[Data extracted from a collection]
━━━━━━━━━━━━━━━━━━━━━━━━━━━━━━

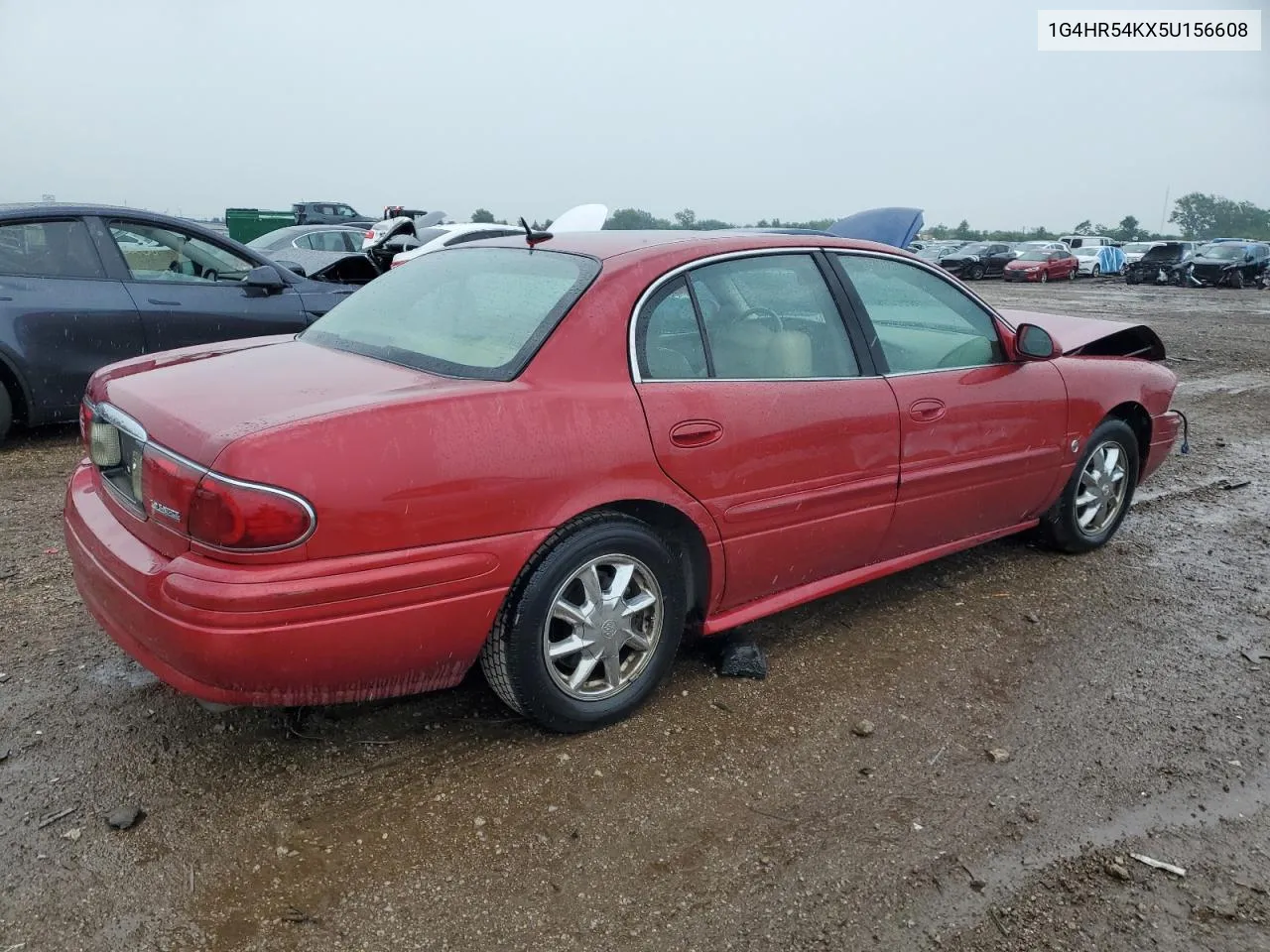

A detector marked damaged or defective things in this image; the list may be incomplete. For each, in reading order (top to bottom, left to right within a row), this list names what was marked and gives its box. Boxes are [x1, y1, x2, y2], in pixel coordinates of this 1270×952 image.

wrecked vehicle [0, 204, 361, 442]
wrecked vehicle [1127, 242, 1199, 282]
wrecked vehicle [1183, 242, 1270, 286]
wrecked vehicle [64, 229, 1183, 730]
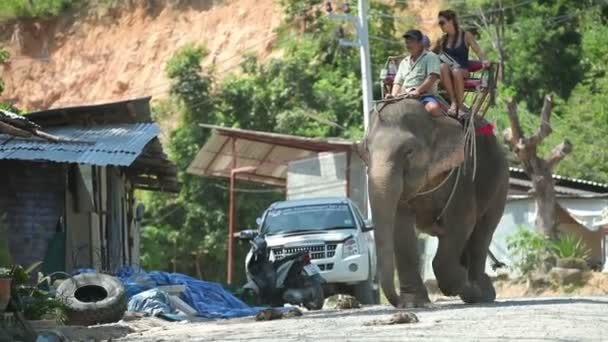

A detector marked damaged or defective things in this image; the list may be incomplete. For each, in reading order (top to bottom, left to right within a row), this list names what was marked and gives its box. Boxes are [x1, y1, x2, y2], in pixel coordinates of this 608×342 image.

rusty metal roof [0, 123, 160, 167]
rusty metal roof [188, 124, 354, 186]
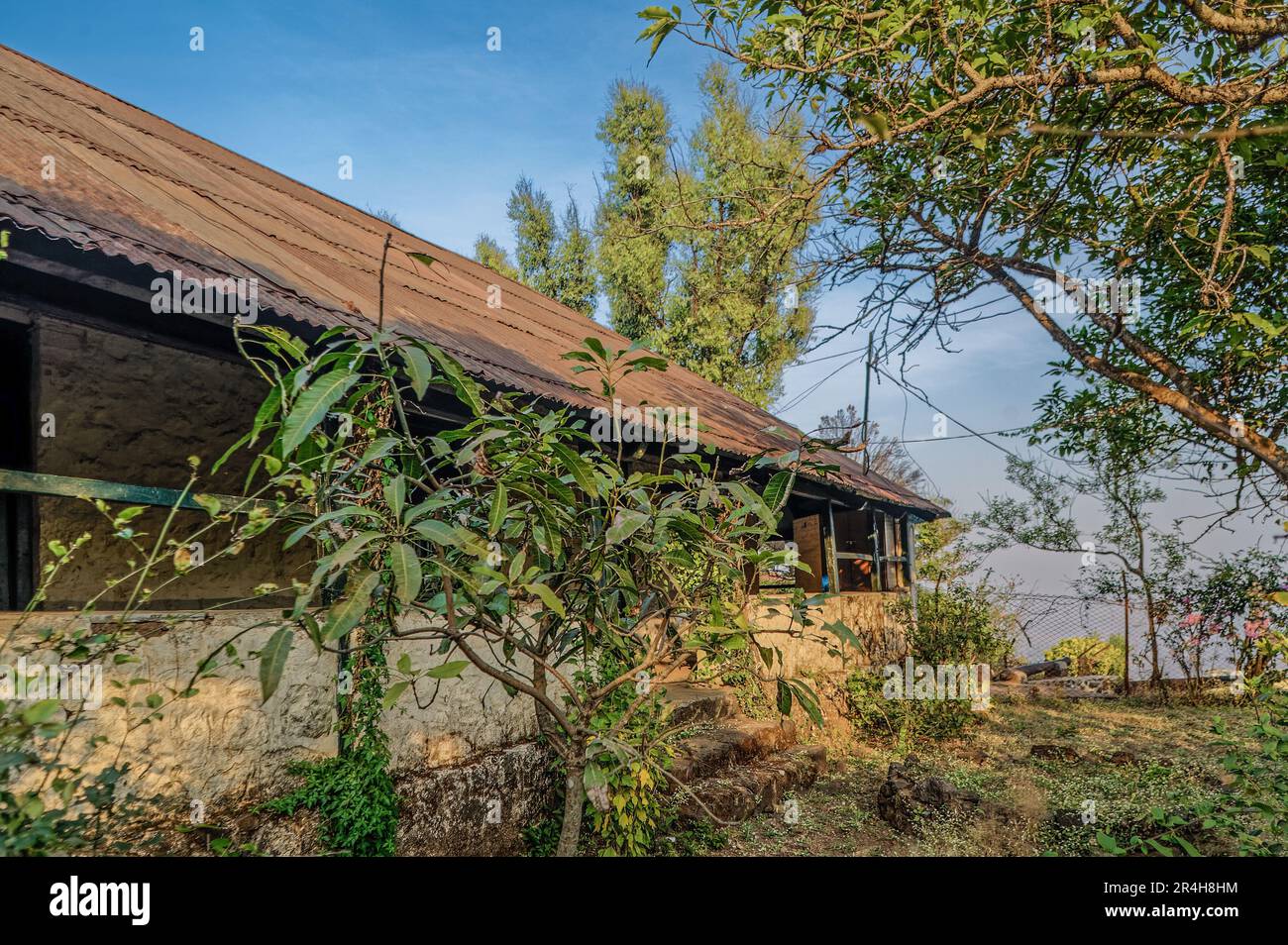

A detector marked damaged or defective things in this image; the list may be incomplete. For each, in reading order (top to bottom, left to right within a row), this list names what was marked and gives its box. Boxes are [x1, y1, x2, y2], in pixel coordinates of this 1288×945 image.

rusted roof sheet [0, 42, 947, 517]
rusty tin roof [0, 42, 947, 517]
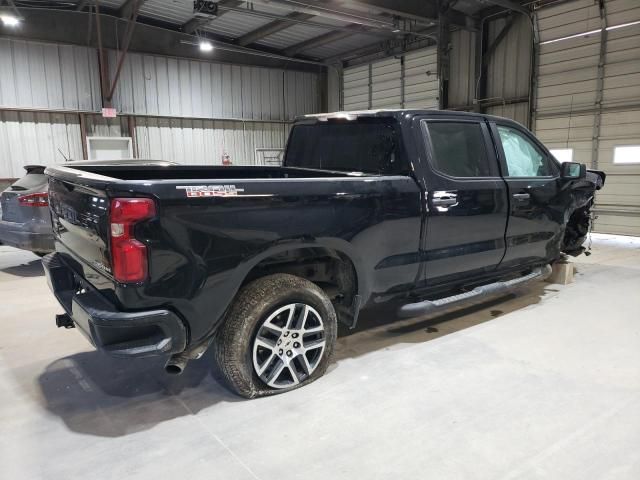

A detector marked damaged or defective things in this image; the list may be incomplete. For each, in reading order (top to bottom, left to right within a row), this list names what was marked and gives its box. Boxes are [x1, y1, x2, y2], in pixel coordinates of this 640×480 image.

damaged front end [564, 171, 608, 256]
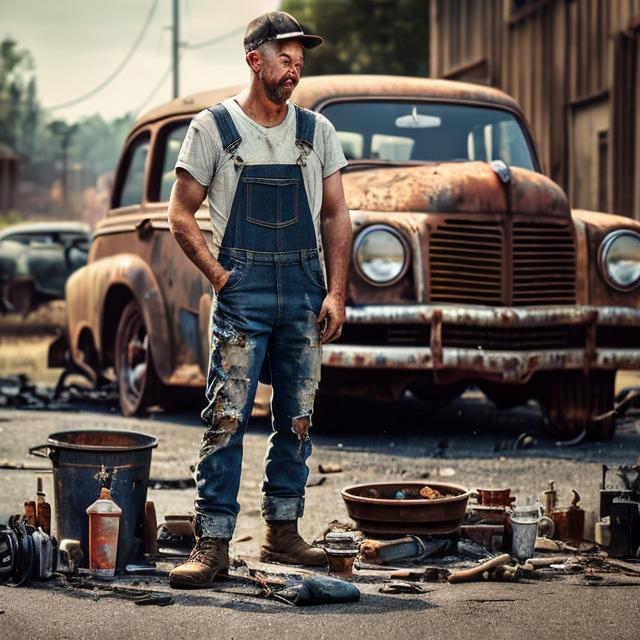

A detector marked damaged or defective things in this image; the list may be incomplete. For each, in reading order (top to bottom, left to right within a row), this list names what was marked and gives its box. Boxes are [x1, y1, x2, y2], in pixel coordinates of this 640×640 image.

rusted fender [342, 162, 568, 218]
rusted fender [65, 251, 172, 380]
rusty car [62, 74, 640, 440]
rusty pan [342, 480, 472, 536]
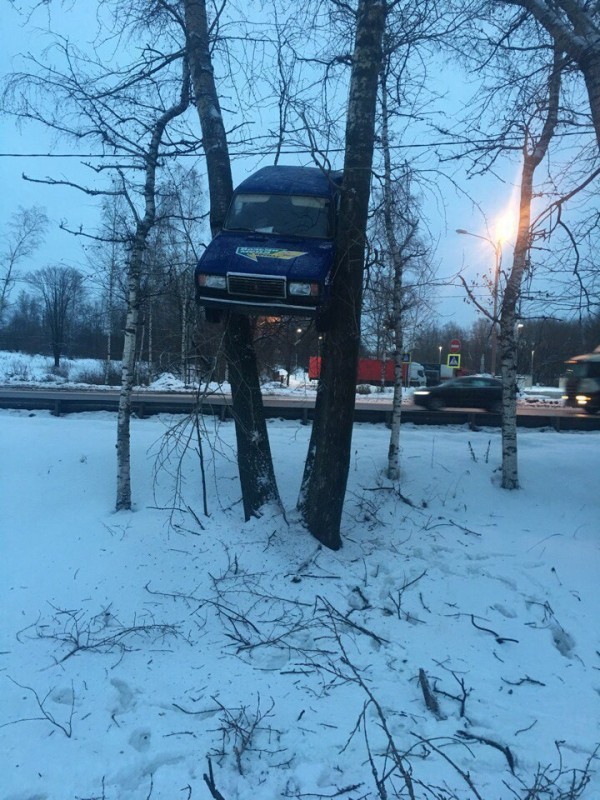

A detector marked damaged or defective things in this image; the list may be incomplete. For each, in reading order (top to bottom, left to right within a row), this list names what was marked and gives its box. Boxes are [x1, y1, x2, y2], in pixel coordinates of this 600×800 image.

crashed vehicle [195, 166, 340, 328]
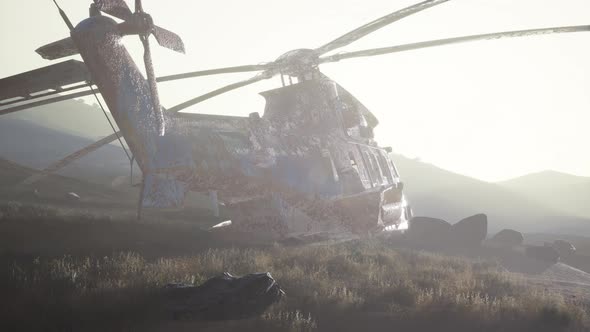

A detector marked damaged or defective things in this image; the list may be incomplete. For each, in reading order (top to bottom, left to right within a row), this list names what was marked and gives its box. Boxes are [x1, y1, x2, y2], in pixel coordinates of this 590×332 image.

rusted helicopter fuselage [73, 14, 412, 237]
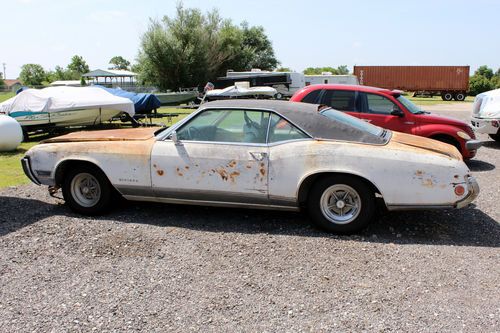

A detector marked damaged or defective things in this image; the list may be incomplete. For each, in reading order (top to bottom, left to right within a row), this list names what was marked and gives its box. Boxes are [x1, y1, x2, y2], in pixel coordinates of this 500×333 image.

rusty white car [21, 100, 478, 232]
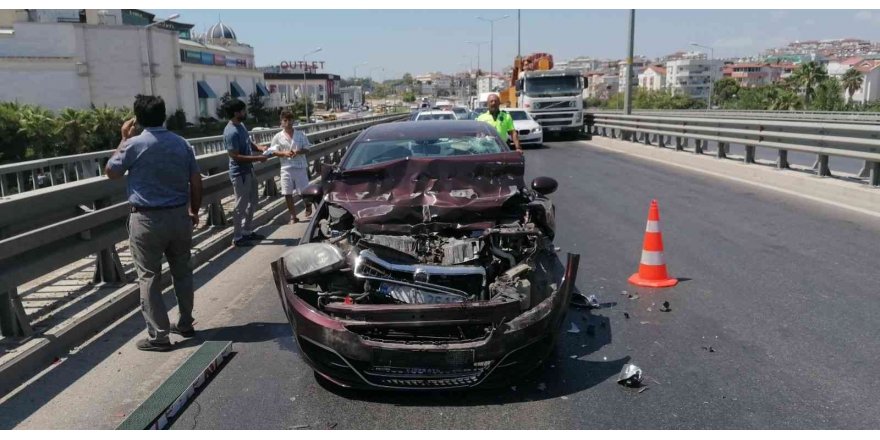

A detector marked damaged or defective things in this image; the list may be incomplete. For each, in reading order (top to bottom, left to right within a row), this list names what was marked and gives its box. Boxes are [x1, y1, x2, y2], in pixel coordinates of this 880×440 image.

crumpled hood [326, 151, 524, 227]
severely damaged car [272, 120, 580, 388]
detached bumper [272, 253, 580, 390]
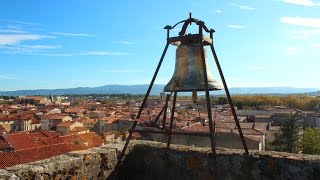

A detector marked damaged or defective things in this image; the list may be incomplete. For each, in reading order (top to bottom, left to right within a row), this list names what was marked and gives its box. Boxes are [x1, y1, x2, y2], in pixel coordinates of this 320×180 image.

rusty iron support leg [199, 22, 219, 179]
rusty iron support leg [210, 30, 250, 154]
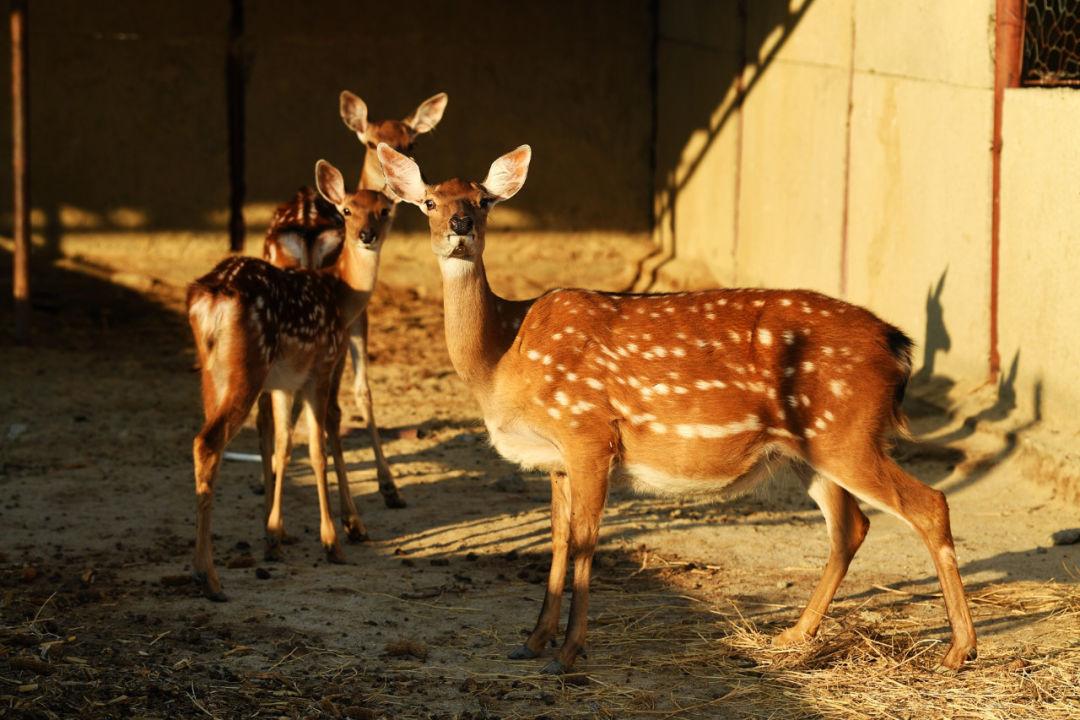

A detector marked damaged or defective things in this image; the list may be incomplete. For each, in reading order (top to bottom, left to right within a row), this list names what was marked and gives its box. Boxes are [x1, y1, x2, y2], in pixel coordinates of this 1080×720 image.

━━━━━━━━━━━━━━━━━━━━━━━━━━━━━━

What you will do: From the line containing "this 320×180 image." down to the last line of the records above, repeat every line exactly and nothing else, dropping any pictures.

Solution to the problem:
A detector marked damaged or defective things in this image; the list may be incomplete. For each, in reading order (top to bottom, left to right within a row), this list names what was marked and gives its box. Boxes are [x1, y1, x2, y2], in pixel coordinates of this 320×180 image.

rusty iron support leg [199, 22, 219, 179]
rusty iron support leg [210, 30, 250, 154]

A detector marked damaged or defective things in this image; the list may be incomplete. For each, in reading order (top to bottom, left to right within a row), this list names what was marked and gives its box. Boxes are [x1, y1, x2, y2], in pixel coordinates of this 1080×720 image.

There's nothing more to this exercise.